I dwindled down to being unable to count or any figures, I cannot read or follow a recipe anymore. I did not blog, because think is difficult, even find words. As time went on, tension become more and the moment there is conflict my brain shut down. I can literally not move or communicate. Then I cannot talk for few days. Miss every third or forth word. Difficult to hold conversation, because no social interaction. I do however have my Dementia Mentors friends with whom I try to zoom every day.
My concentration is down, I will wonder around wanting to do something, forget then find something else and then forget that something else as well, went back to my chair. When my daughters or husband go to work or somewhere, I become anxious, because I cannot remember where they went or when they come back. Then I want to send them Whatsapp and forget that and later wonder if they will be angry if I don’t send message and then forget that too.
My filter also broke. Saying things I should not say, like hurting someone or tell someone something I shouldn’t, not that we keep secrets, but sometime there are things you don’t say in public or to you family or to anyone.
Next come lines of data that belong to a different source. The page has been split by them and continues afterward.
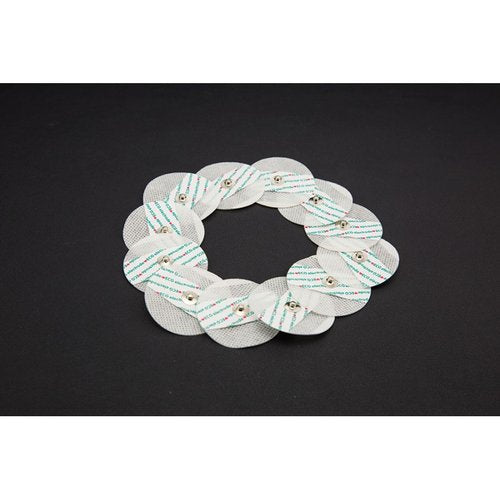 《お取り寄せ商品》Disposable ECG Electrodes Pack (12 pcs)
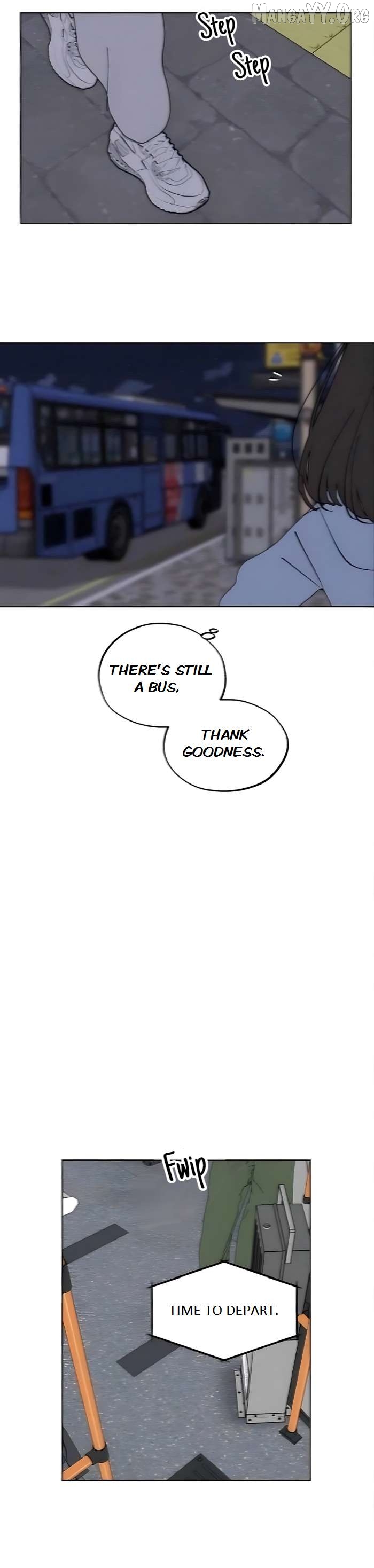 Read Today Is a Woman Day EN Manga Online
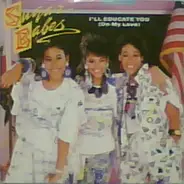 Sugar Babes - I'll Educate You (On My Love)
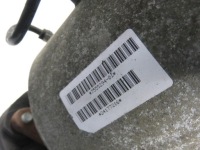 Коробка передач передач bmw x3 e83 2.0 d1069401051 Зі Шроту, фото thumb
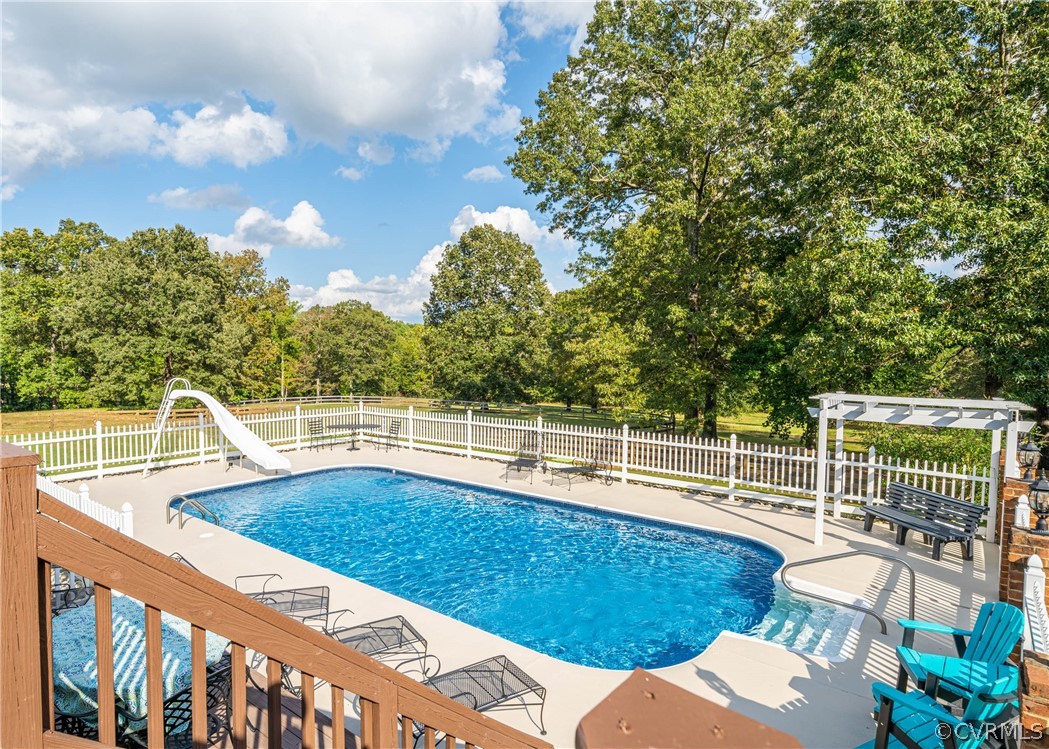 3028 Maidens Road Powhatan, VA 23139 - Photo 10 of 50 Gallery Image 10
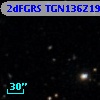 2dFGRS TGN136Z194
It’s getting on my family’s nerves that I ask say 3 times in a row how they are and just forget I did. The forget thing is weird. I forget… it is like a black hole where nothing even ever existed. I started making jewelry, that helped keeping me stimulated, but lately I cannot think up new designs. I went to my GP yesterday and he asked me to take off my jacket and I asked him which one, as I was wearing two. He looked at me and said both…. that’s a bummer and I remember it. I don’t feel in control anymore. I get anxiety when left alone for a few minutes. Then I don’t know where everyone is.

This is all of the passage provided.